The implantation of two lenses requires a very precise positioning to avoid large refractive errors after surgery which could result from a small relative deviation from the nominal lens position (Figure 1B). Taking the negative lens closer to the positive lens generates hyperopic refractions while a distance larger than 1.7mm between the two intraocular lenses induces a myopic shift (displacement of 0.1mm generates a significant refractive shift of 0.5D ).
The timing of surgery should strike a balance between risking the dilution of anti-vascular endothelial growth factors and causing cataract wound dehiscence if the injection is performed too soon . Although cataract surgery is commonly performed and has a good safety profile, surgeons need to have additional considerations when patients are also known to have AMD. Optimal management firstly requires recognition and responsiveness to the clinical complexity of the patients’ cataract and macular parameters, and secondly close attention to their specific current visual function limitations and realistic future aspirations. Maximising vision-related life quality will inevitably require a bespoke plan encompassing the elements of specialised optical, medical, surgical and low vision-rehabilitation care .
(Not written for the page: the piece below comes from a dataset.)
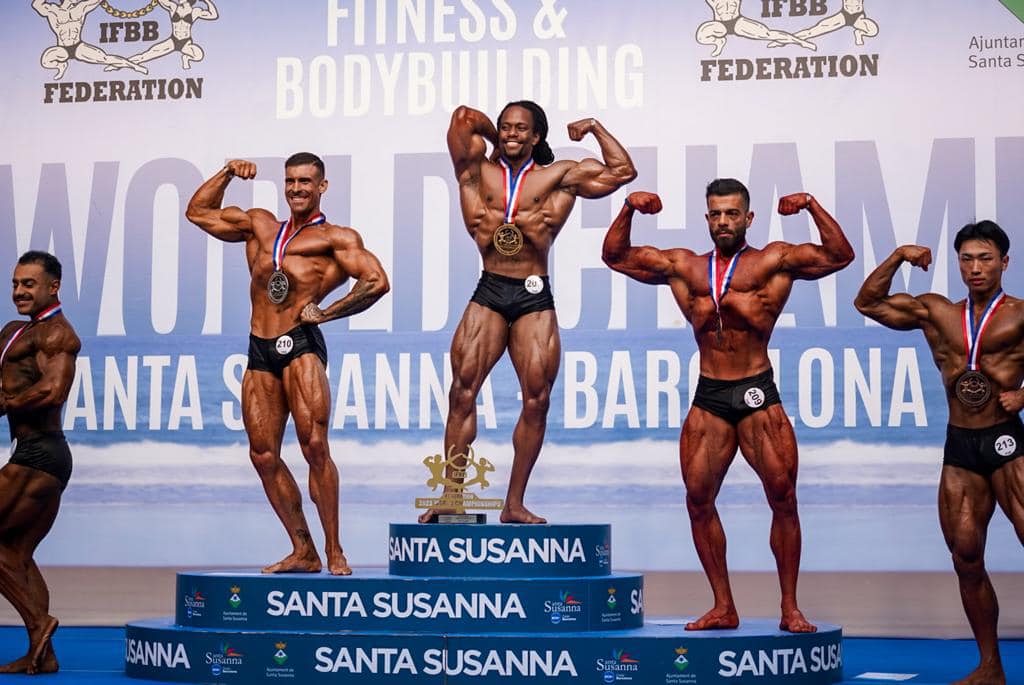 România are primul campion mondial din istorie naturalizat! S-a născut în Surinam și face senzație în culturismul autohton: „Totul a început în Olanda când am cunoscut-o pe Carmen”. Bilanț extraordinar pentru tricolori | FOTO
In addition to the position of the telescopic lenses positioning, the axial length of the eye is an important determinant factor for the choice of telescopic device because short eyes might be optically and anatomically unsuitable, and younger patients were found to have a better visual outcome compared to older ones .
In this case, the situation is atypical in the sense that these factors might have been considered before planning the initial surgery, but subsequent surgical intervention and removal of the high negative AC IOL resulted in the patient ending up with a high positive refractive outcome which is difficult to manage surgically or optically.
Surgical management by removal of the high positive posterior chamber intraocular lens (PC IOL) is likely to result in zonular damage, which makes further implantation of a PC IOL very difficult, and carries a high risk of vitreous loss and retinal tears or detachment. Leaving the eye aphakic is usually an undesirable option, but in this situation, it actually brings a 22 dioptre improvement of the patient’s refractive error.
Optical management is unlikely to be practical because a +32.0 lens is too thick to fit in a spectacle frame, the same applies for a contact lens which would also be too uncomfortable to be worn. Another conservative option would be to split the power between a spectacle lens and a contact lens but that doesn’t necessarily mean that the new correction will act as a telescopic lens. Sadly, the patient passed away before these options could be explored further.